Traditional Feast Need Not Include Meat

Traditional Feast Need Not Include Meat

By Rebecca Portman

Brisket, potato kugel, roasted chicken, squash casserole and matzah ball soup. Sounds like a traditional Rosh Hashanah meal.

Those items have certainly been staples on my table during many Jewish New Year’s celebrations. Four years ago, when I started replacing animal-based ingredients with plant-based ones, I wondered whether I could continue those traditions.

Rebecca Portman
Rebecca Portman

After learning about the health and environmental benefits of eating fewer animal products and more plant-based foods, not to mention the obvious benefit to the animals who suffer in our industrialized food system, I was determined.

Happily, it didn’t take long for me to discover tasty plant-based versions of matzah balls and kugel, chicken-inspired dishes sans the chicken, and many other meals that are part of my family’s tradition. Not only has it been easier than I could have imagined, but my Rosh Hashanah table is now filled with variations that are more nutritious, more flavorful, and, get this, less costly.

Rosh Hashanah, being a time for introspection, provides the perfect opportunity for making better food choices, especially when one considers tsa’ar ba’alei chayim, the principle that bans inflicting unnecessary pain on animals.
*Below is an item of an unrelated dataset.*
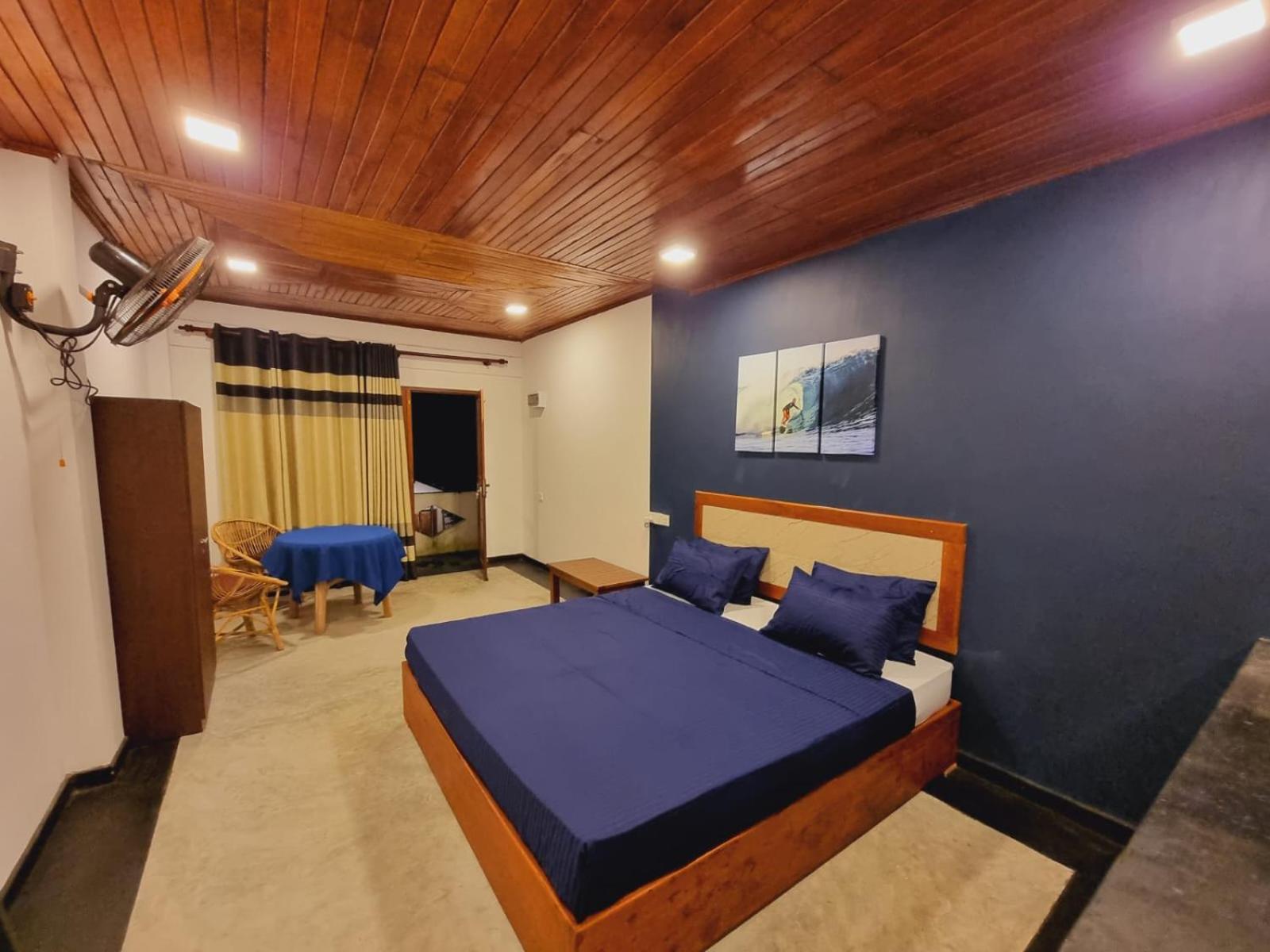 Sandil Surf House Ahangama Szoba fotó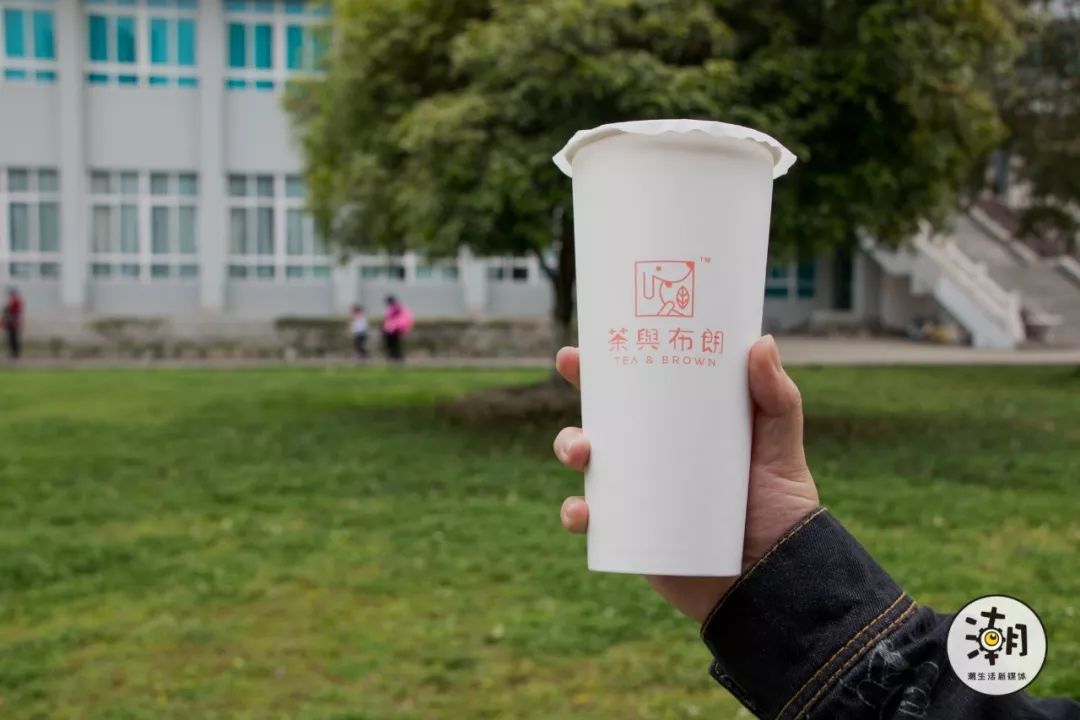 茶与布朗餐饮,茶与布朗加盟店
As a nation, we’ve become more conscientious about where our food comes from and how it gets onto our plate. Many of the animals we consume for food are pumped full of hormones and antibiotics, fed an unnatural diet, and kept in egregious conditions.

Many people aren’t aware that the only dietary source of cholesterol is food made from animal products, which are also high in saturated fat. According to the Centers for Disease Control and Prevention, chronic diseases such as diabetes and obesity may be prevented by replacing some animal products with fruits, vegetables, whole grains, legumes, nuts and seeds.

Eating less meat also helps the environment. The Environmental Working Group warns, “Meat production is one of humanity’s most destructive and least efficient systems, accounting for astounding levels of wildlife losses, land and water pollution, deforestation and greenhouse gas emissions.”

It’s easier than ever to improve our eating habits, especially with the abundance of plant-based food now available in most stores where we buy our groceries, including Target and Walmart.

Here are some simple ways to provide the tradition and taste our guests enjoy during the holiday season while maintaining the values and goals of eating a healthier, sustainable and more humane diet.

First, you would be surprised that many foods you eat are already plant-based: potato and pasta dishes, sautéed and grilled vegetables, hearty whole grains and salads. Matzah ball soup can be homemade with vegetable broth (such as Not Chick’n broth), and there are even recipes for plant-based matzah balls.

As for alternatives to brisket, there are great recipes using seitan (wheat gluten), which can be found at your local Whole Foods, Earth Fare or Fresh Market. An example is this recipe at OneGreenPlanet: Although the recipe includes instructions for making homemade seitan, store-bought may be used to save time. And, of course, the flavor can be modified to taste.

Instead of chicken, why not give tofu or tempeh a try? A whole head of cauliflower roasted makes an impressive (and delicious) centerpiece to the meal.

Not only are these options better for our health, planet and animals, but they’re also better for our wallet.

A Rosh Hashanah dinner for 12 that includes kosher meat costs approximately $150 to $200, based on my seasoned mother-in-law’s shopping list. Rosh Hashanah dinner for 12 excluding animal-based products costs approximately $70, including soup and dessert.

The final key is to remember that eating with a conscience doesn’t have to be all or nothing. Rather, it might simply mean following the three R’s of eating: “reducing” or “replacing” consumption of animal products and “refining” our diets by choosing products from sources that adhere to higher animal welfare standards.

I hope you all have a happy, healthy and sweet new year.

Rebecca Portman is the Georgia-based food policy coordinator for the Humane Society of the United States.